Due to challenges with use of the video setting, she switched to audio.

“With the video, I realised it’ll take a lot of data and we are not in normal times and so I spoke to the students and told them we’ll have audio lessons via Zoom,” she said.

A list of students online during a virtual learning session

Issues with internet accessibility by students living in rural communities have become topical.

However, KNUST University Relations Officer, Dr Norris Berkoe says, “those students who are from remote areas where they do not have access to the internet, we have arranged with the various e-learning centres at the various regions for materials to be deposited there for students to access them as well as pick up assignments when they are done; they use the same means in submitting them.”

Data bundle

A study at University of Ghana in 2013 found most of the students were of the view that the university was not ready for full online programmes at both undergraduate and graduate levels.

Some of the challenges identified that could affect e-learning were the relatively low bandwidth which made the internet slow and unreliable and the low level of participation in training in the use of open learning platforms.

Currently, with what the university authority is offering, Abdallah Ihsan, a first-year Natural Resource Management student at KNUST, is unimpressed.

“It’s going to affect us because of internet connections and the monthly 2 gigabytes that the school is providing for us is not enough for the virtual learning,” he laments.

Abdul Futa, a second year KNUST Computer Science student, said on his WhatsApp status, “data must be free in times like this,” he added in a chat. “2 gigabytes, at most, last for two weeks.”

Telecommunication Engineering student, Rexford Bonney believes, “E-learning should be used as an electronic library where students can actually go there and get updated on stuff they have worked on before the pandemic, not the for assessment; if it goes that way it means we are not being fair to other students who do not have resources to access the internet.”

“I think is very commendable on the side of the authorities trying to bargain for the data charges on all e-learning platforms,” he lauded.

Students at the University of Ghana were also given directives to visit any nearby Vodafone office for a special SIM card for virtual learning.

After collecting them, some complained bitterly about not being able to access the internet.

“5 gigabytes is not enough,” said Kynock Yankey, in a WhatsApp chat. “Sometimes, we even get less than 5 gigabytes,” he added.

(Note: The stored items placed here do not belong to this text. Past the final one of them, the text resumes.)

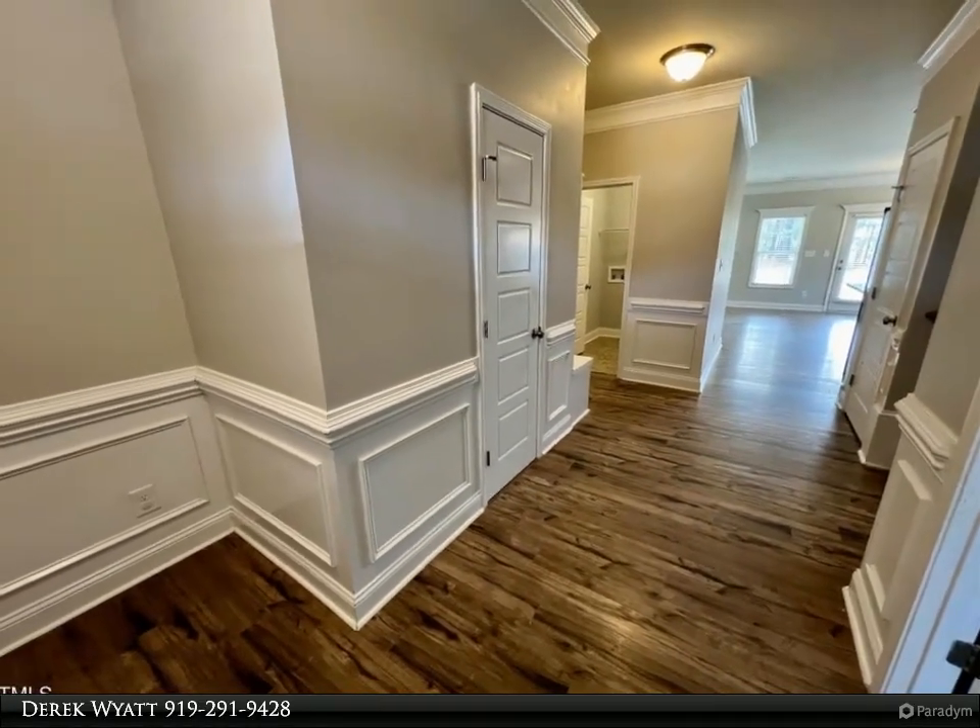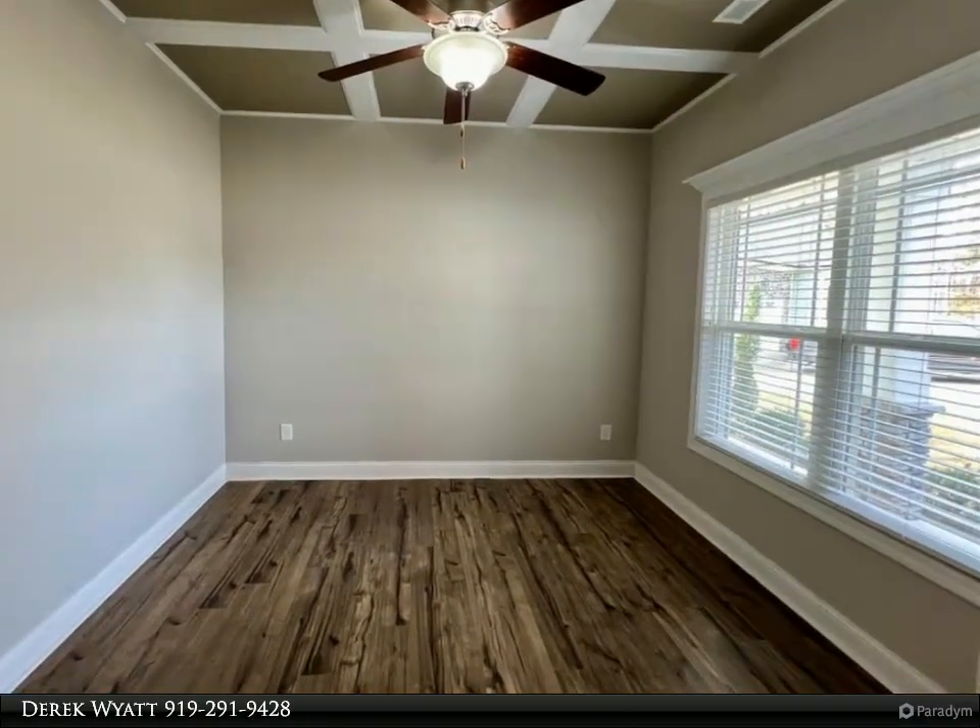Kitchen with recessed lighting, a center eat-in island with granite tops, and a pantry cabinet.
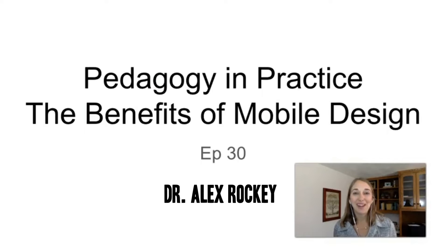Welcome to episode 30 of Pedagogy in Practice. Today we're going to be talking about the benefits of mobile design and why we might want to consider creating courses that are accessible on a mobile device. So let's dive in!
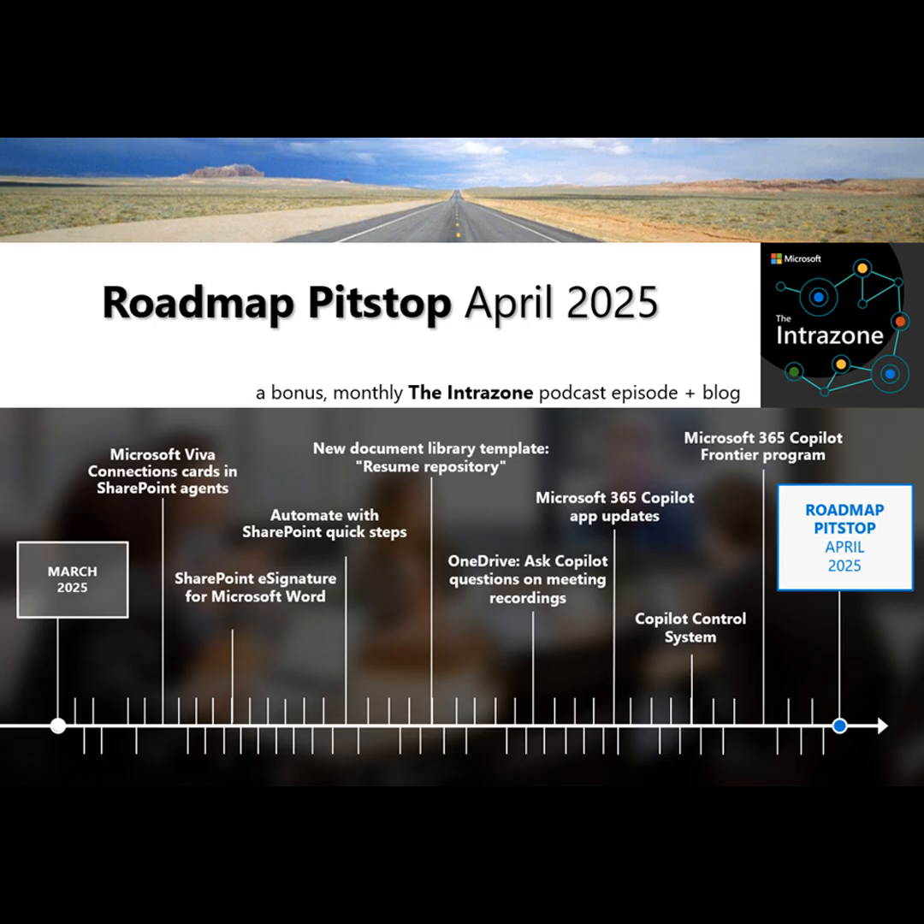That is a lot of Copilot news, because there was a significant moment on April 23rd, 2025. There are a lot of great blogs and videos that surround the entire event so that you can learn more, dig into it, and see what other people are saying about it.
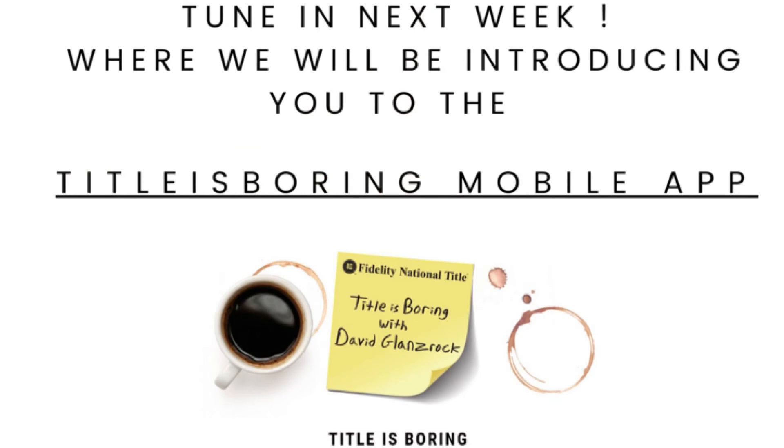We're always trying to add pieces of information and things that'll help you navigate our website easier and provide these tools for you at the tip of your finger. So if there's something that you think is missing from our website, titleisboring.co, please let me know — we're always looking to improve. Thanks for tuning in, and I hope you find our website to be a fantastic portal for all the great resources that Fidelity has to offer. Take care, stay safe, and have a great one. Bye-bye.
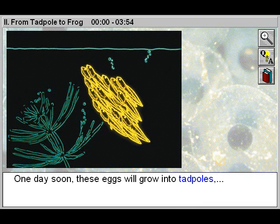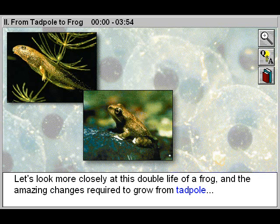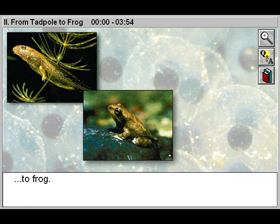One day soon, these eggs will grow into tadpoles, and the tadpoles into frogs. Let's look more closely at this double life of a frog, and the amazing changes required to grow from tadpole to frog.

What about the lecturers, have they been given free bundle?

“If the students are given free data, are the lecturers also given free data?  who should pay for the money I spend online trying to set up my course and all that. It isn’t that simple,” Dr Acheampong noted.

Students will be given an additional two weeks to prepare for exams when school resumes.

Should the situation worsen, however, the reopening date will be delayed.

Dr Berkoe says, “we are envisaging that should the situation get worse we will have to delay reopening date so that when they come back finally we will do the end of semester exams and continue with the rest of the semester without break as for the first years, we will wait for the West African Senior Secondary Examination to conduct their examination and pick the students based on the results.”

Online learning only benefits those who have access to the internet, leaving the rest of the student population, in thousands, deprived.

In a 2010 report, 98 per cent of people at KNUST agreed that e-learning would improve, but in a country where an estimated over 50 per cent of the population have no access to the internet, online learning will be difficult to achieve.

A study at the Presbyterian University College on e-learning implementation in institutions of higher learning shows successful implementation of the e-learning environment was dependent on four key factors: ICT leadership, support and training initiatives as well as the teachers’ ICT capacity.

Another study, a year earlier, had recommended that to make e-learning a reality, there should be some further strategies to improve access to personal computers, improve the broadband width.

These, perhaps, can serve as a guide to policymakers to ensure education, especially, at the tertiary level is feasible in times of pandemics like Covid-19.